On Sun, 30 Oct 2016 21:32:14 +0000
Yassin Philip <philcm(a)gnu.org> wrote:
It was a bit weird remembering all those things.
Thanks to everyone
of you, and let's keep rocking it :)
Excerpt:
"Why do you feel open source is important, and what for you is the most
important aspect of Linux audio?
Because I just don't trust proprietary code. Call me paranoid, but in
reality I'm just lazy :) I like to know that somebody, somewhere, and
preferably me, has read the code that I execute. But this is only one
reason. I find the proprietary world a PITA of dongles, cracks download
sites and talkative installers. I prefer to talk to the coding team
through a bugtracker than to "contact technical services". I want to
re-install a studio machine in one command that will pull everything I
need ; I want to spend more time doing just music.

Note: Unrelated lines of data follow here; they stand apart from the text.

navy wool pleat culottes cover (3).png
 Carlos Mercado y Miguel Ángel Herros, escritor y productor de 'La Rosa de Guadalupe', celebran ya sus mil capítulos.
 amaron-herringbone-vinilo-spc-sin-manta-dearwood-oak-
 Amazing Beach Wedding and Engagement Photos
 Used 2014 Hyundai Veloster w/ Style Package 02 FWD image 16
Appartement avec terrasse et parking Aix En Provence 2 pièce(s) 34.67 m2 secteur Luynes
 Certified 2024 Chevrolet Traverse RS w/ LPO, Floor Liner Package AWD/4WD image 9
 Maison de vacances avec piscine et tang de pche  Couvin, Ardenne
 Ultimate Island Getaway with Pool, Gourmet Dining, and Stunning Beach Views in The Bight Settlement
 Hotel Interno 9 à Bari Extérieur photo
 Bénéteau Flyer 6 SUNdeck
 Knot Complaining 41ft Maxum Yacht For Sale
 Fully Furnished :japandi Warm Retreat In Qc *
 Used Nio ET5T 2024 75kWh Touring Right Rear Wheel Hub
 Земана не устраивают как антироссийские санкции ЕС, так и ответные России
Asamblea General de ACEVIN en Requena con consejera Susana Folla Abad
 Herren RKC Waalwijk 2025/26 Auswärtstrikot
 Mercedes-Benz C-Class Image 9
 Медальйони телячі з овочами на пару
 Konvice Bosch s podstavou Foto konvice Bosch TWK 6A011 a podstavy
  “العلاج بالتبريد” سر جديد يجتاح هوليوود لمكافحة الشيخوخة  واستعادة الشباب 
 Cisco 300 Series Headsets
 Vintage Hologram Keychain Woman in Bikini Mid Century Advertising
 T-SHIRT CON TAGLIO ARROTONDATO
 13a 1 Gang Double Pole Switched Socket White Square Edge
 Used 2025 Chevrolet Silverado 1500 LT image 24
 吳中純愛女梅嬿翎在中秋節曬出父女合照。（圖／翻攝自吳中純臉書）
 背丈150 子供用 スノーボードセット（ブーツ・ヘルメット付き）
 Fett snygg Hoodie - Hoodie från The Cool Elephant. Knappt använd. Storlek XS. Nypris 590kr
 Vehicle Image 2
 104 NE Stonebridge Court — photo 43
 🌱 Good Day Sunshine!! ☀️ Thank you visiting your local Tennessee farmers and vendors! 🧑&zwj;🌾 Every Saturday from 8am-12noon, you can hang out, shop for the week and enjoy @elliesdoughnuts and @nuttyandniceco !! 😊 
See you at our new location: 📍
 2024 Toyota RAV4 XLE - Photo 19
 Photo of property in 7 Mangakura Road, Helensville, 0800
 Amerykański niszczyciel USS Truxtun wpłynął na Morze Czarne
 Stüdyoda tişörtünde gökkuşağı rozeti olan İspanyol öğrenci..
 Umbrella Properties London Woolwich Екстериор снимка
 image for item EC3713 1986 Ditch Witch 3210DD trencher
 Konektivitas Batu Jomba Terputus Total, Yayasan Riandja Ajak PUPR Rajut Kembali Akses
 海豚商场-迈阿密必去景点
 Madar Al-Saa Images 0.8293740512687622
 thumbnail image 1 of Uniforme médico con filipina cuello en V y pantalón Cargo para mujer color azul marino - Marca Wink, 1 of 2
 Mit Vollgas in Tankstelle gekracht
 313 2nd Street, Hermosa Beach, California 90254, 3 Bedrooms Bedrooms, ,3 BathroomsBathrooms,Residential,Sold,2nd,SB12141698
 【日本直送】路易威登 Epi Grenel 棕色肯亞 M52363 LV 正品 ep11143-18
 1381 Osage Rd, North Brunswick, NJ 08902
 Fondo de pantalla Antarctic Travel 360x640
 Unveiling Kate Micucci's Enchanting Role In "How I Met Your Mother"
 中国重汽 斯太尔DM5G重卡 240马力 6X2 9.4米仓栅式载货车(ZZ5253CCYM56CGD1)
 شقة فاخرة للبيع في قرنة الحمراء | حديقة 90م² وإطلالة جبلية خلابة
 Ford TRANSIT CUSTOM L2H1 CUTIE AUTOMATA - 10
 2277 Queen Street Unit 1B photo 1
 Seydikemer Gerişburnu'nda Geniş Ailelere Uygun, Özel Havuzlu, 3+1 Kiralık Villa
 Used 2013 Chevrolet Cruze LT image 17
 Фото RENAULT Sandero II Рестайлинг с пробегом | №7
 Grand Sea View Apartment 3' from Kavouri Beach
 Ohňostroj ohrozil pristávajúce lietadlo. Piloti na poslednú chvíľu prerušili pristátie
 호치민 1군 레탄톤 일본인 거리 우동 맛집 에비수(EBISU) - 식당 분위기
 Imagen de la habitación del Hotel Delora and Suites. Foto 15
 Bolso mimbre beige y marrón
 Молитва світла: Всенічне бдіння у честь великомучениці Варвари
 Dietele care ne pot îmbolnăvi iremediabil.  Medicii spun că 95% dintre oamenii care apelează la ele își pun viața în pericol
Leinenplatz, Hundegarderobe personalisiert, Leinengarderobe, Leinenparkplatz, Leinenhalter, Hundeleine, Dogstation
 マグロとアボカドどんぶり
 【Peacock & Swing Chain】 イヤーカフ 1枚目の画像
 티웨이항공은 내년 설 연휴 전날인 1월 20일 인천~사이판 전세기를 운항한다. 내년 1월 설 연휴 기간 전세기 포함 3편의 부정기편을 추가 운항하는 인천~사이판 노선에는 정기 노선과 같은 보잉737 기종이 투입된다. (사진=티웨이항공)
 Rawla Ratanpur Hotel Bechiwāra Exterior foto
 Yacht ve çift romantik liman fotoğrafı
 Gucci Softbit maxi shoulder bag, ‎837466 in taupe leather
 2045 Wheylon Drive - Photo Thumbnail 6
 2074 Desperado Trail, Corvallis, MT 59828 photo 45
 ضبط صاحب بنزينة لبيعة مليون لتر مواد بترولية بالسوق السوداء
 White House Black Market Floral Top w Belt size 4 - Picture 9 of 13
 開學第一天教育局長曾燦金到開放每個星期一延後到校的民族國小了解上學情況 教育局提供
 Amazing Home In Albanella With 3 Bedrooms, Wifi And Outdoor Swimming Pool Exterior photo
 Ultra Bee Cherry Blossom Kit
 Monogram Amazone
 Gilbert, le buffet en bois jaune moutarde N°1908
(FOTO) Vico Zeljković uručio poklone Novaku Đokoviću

It's basic hygiene. I use FLOSS, I write FLOSS code, and that's it."
Like dental floss. Basic. A bit of dissension, though -
The arguments for the use are not very strong, IMHO. Nobody reads
the code of Ardour before using it. Did you ? How much time not
making music ? And if you don't agree with a function, then stop using
Ardour ? Of course not.
So if the goal is to spend more time doing music, then reading the code
to all the software is out of the question.
Proprietary world is not a world of dongles. What about trust ? I
trust very much the stability and performance of all u-he products. I
trust the dedication of the people developing Bitwig. I trust the
people making Renoise and Redux, two very stable and creative
products. I trust Harrison when they add to Ardour. So on so forth.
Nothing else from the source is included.